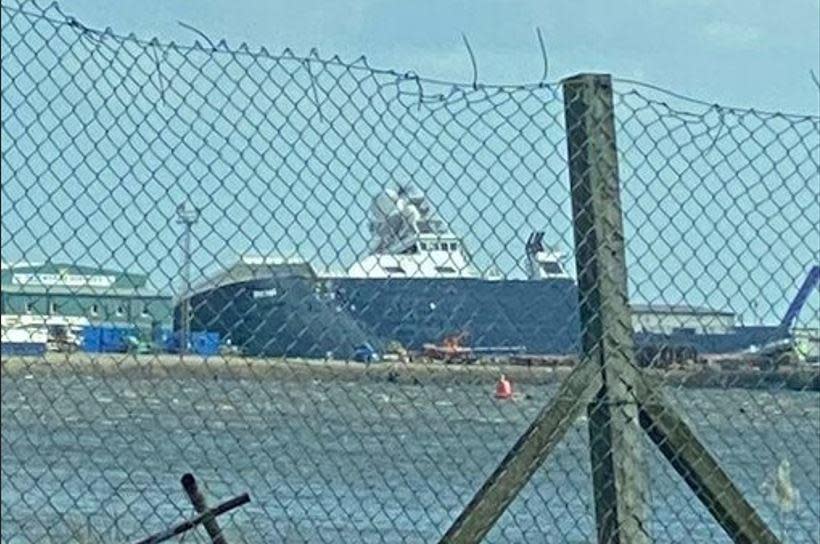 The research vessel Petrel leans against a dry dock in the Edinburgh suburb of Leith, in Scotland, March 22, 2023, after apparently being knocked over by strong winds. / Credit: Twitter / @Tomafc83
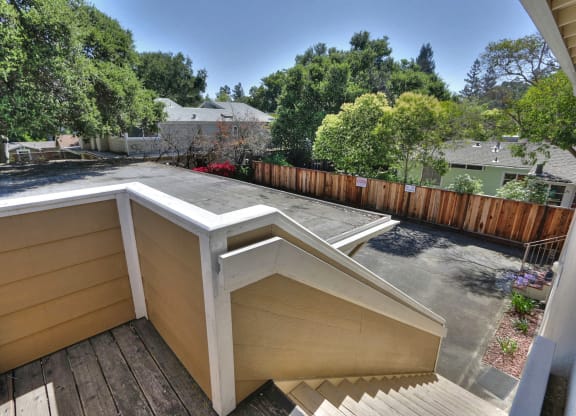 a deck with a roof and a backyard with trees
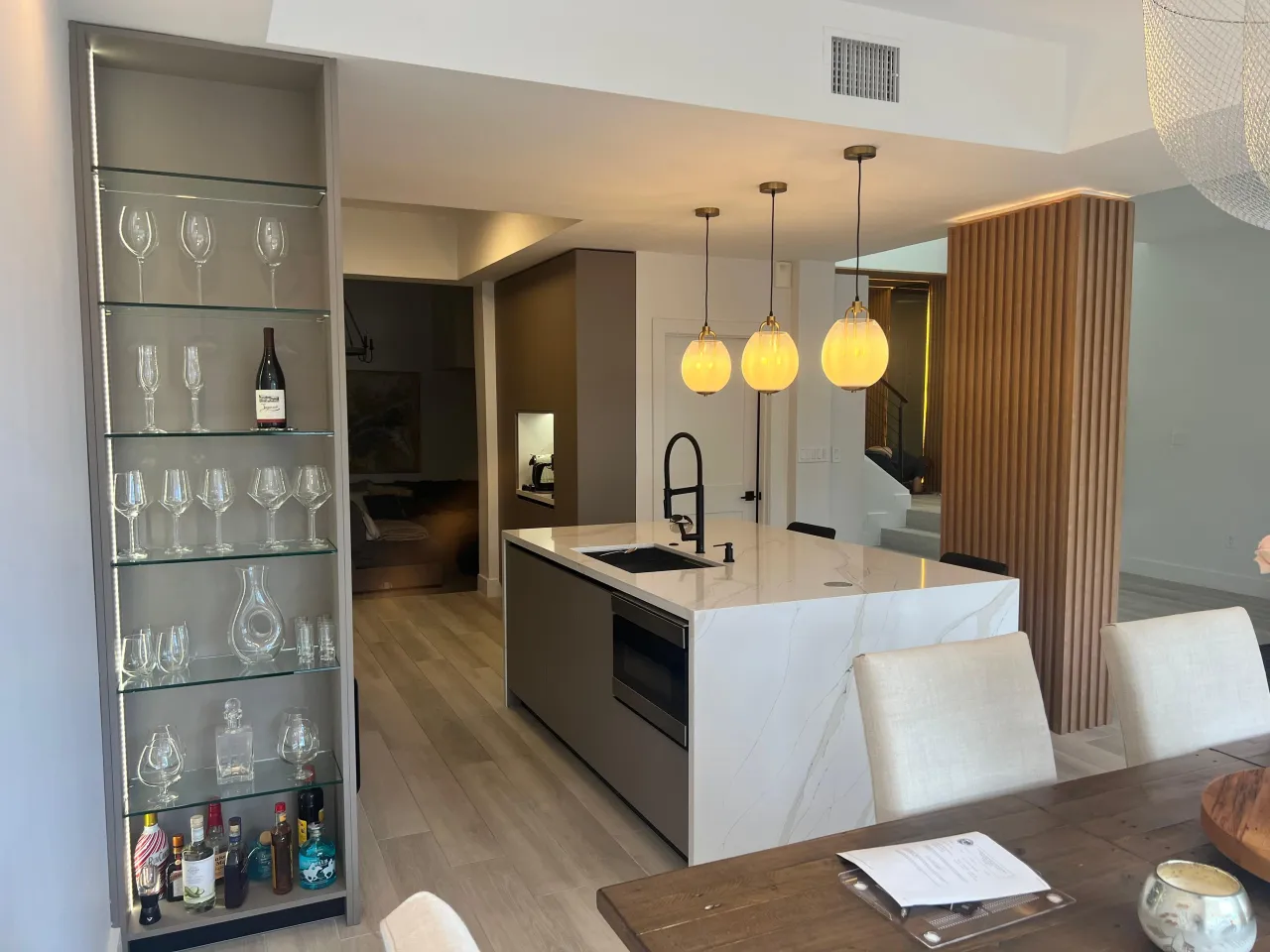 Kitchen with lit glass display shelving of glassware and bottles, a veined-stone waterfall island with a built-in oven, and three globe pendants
──────────────────────────────
▸ **YOUR OBJECTIVE**
Please retype the whole of the data precisely, omitting pictures.

▸ **SOLUTION BELOW**
 The research vessel Petrel leans against a dry dock in the Edinburgh suburb of Leith, in Scotland, March 22, 2023, after apparently being knocked over by strong winds. / Credit: Twitter / @Tomafc83
 a deck with a roof and a backyard with trees
 Kitchen with lit glass display shelving of glassware and bottles, a veined-stone waterfall island with a built-in oven, and three globe pendants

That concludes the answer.